RE: PDFTextStripper parsing problem IBM Linux -Dibm.stream.nio

Jerkins, Devan Tue, 09 Mar 2010 07:33:10 -0800

Below is a more complete answer from IBM about the -Dibm.stream.nio

-Dibm.stream.nio=[true | false]
This option addresses the ordering of IO and NIO converters. When this
option is set to true, the NIO converters are used instead of the IO
converters.


NIO stands for New IO.  The  NIO package was introduced from 1.4.0
onwards in order to overcome some of the short comings of the IO.

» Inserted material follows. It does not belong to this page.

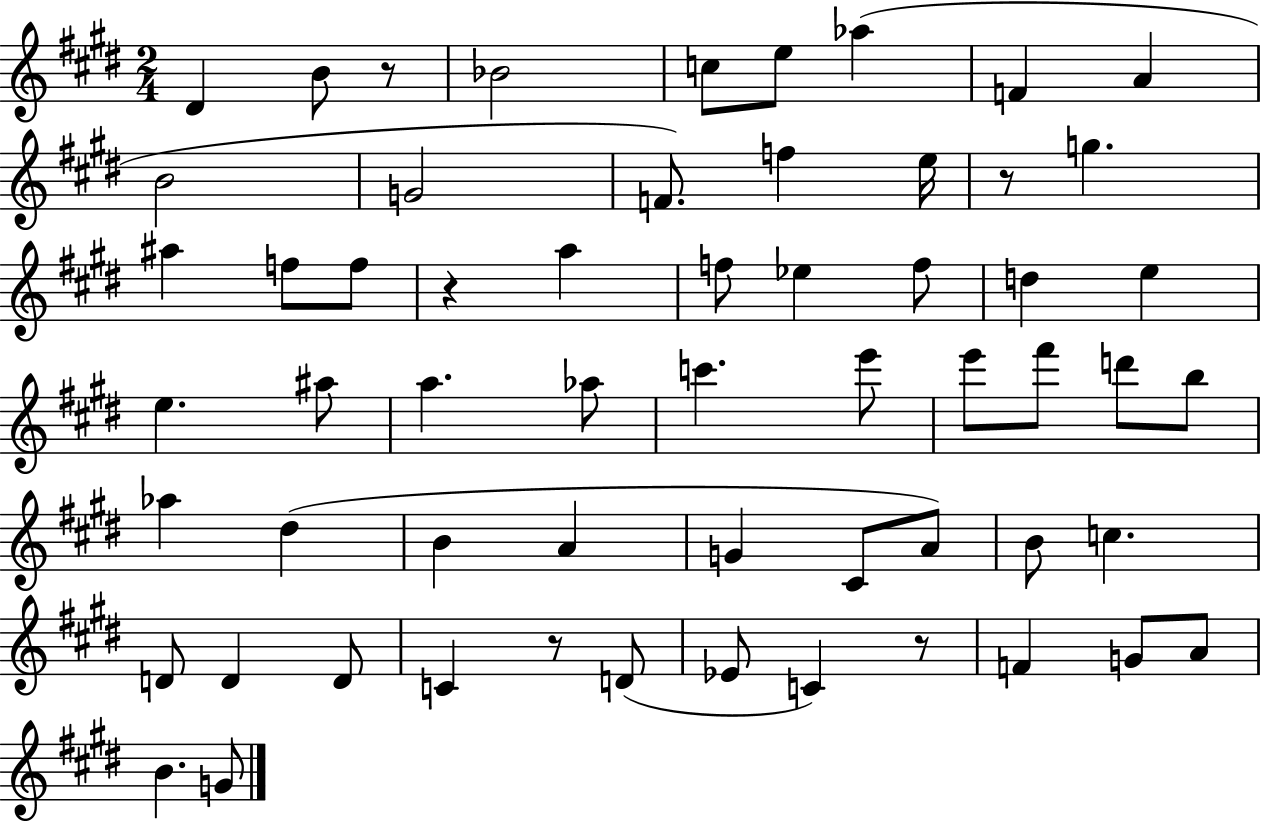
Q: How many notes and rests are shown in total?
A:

By default, IBM java uses IO converter because IO converters performs
better performance wise. Customer may use NIO converter by setting the
option -Dibm.stream.nio=true.
USAGE:
java -Dibm.stream.nio=true <app-name>

The reason that SUN and IBM JDK's differs in their behavior lies in the
point to which convertor each of the JVM defaults to. IBM defaults to
use IO converters which throws exceptions on errors whereas SUN defaults
to NIO converters which donot throw exceptions. SUN made this change
from 1.4.1 onwards and we choose not to adopt it as performance wise, IO
convertors are better.

The issue you are experiencing is actually IBM VM limitation and a
result of compromise between functionality & performance.

you can refer sdkandruntimeguide.win32.en.htm from IBM java5 SDK for
details on this jvm option.

Also note that many of the customers reported the similar issue in the
past and we had suggested the same work-around.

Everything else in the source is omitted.